If you’re coming from the BI or traditional data analytics world, diving into AI pipelines—especially with LLMs—feels like stepping into a new job. Because it is. But there’s one familiar headache: cloud costs and execution speed. Whether you’re building an LLM Workflow or automating dashboards, understanding how costs work is crucial. And spoiler alert: it’s not as simple as the price per token.
The Basics: Input, Output, and Reasoning Tokens
When you use an LLM via API (not just chatting in a web or mobile app), you’re billed for input tokens (what you send to the model) and output tokens (what you get back). Tokens roughly (!!) equal to the words but it depends on the language and the length of words. You can get a feeling for it by playing around with a Tokenizer
Output tokens are usually 3-5x more expensive than input tokens.

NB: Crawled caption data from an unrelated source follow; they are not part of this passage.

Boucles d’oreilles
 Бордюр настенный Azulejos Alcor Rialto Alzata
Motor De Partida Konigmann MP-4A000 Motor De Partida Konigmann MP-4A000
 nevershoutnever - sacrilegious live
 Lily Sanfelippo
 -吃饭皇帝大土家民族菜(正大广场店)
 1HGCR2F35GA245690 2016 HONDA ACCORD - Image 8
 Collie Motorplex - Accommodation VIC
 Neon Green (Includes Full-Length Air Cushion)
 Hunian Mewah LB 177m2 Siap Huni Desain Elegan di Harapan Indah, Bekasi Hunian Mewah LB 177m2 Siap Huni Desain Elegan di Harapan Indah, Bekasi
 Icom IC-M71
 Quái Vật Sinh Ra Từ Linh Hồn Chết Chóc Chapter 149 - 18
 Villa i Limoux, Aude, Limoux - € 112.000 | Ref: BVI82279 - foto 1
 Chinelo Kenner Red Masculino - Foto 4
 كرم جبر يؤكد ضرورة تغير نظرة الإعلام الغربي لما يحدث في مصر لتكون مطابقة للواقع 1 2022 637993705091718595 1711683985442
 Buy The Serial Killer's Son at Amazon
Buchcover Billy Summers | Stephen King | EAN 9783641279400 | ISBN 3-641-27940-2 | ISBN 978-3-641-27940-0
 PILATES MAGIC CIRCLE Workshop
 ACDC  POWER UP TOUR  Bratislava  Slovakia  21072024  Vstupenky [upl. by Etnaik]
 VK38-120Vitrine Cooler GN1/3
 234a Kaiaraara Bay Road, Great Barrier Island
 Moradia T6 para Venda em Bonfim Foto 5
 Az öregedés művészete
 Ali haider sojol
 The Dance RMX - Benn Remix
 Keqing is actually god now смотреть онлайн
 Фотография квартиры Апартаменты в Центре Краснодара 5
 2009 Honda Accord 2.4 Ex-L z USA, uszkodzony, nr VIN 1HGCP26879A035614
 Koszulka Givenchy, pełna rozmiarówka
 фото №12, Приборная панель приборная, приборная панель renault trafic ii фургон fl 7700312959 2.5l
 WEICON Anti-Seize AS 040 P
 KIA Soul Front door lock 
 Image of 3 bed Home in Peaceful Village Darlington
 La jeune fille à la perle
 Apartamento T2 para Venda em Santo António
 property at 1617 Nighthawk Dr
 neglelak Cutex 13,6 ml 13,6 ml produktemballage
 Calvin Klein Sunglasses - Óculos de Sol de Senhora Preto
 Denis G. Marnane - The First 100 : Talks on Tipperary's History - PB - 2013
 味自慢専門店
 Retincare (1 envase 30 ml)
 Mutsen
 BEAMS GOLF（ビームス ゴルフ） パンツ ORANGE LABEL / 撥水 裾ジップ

So in theory, as long as you keep your output as short as possible, you can save money. But here’s the kicker: you also pay for the model’s reasoning. That means even if your answer is just “yes” or “no,” you’re footing the bill for every token the model generates while “thinking” through your request.
This leads to a paradox: sometimes, especially in coding, using a more expensive model can save you money. How? E.g. in Code Generation, a pricier model might solve your problem in one go, while a cheaper one could require multiple attempts (and tokens) to get it right. It’s like buying a faster warehouse in Snowflake—sometimes, the upfront cost pays off in efficiency.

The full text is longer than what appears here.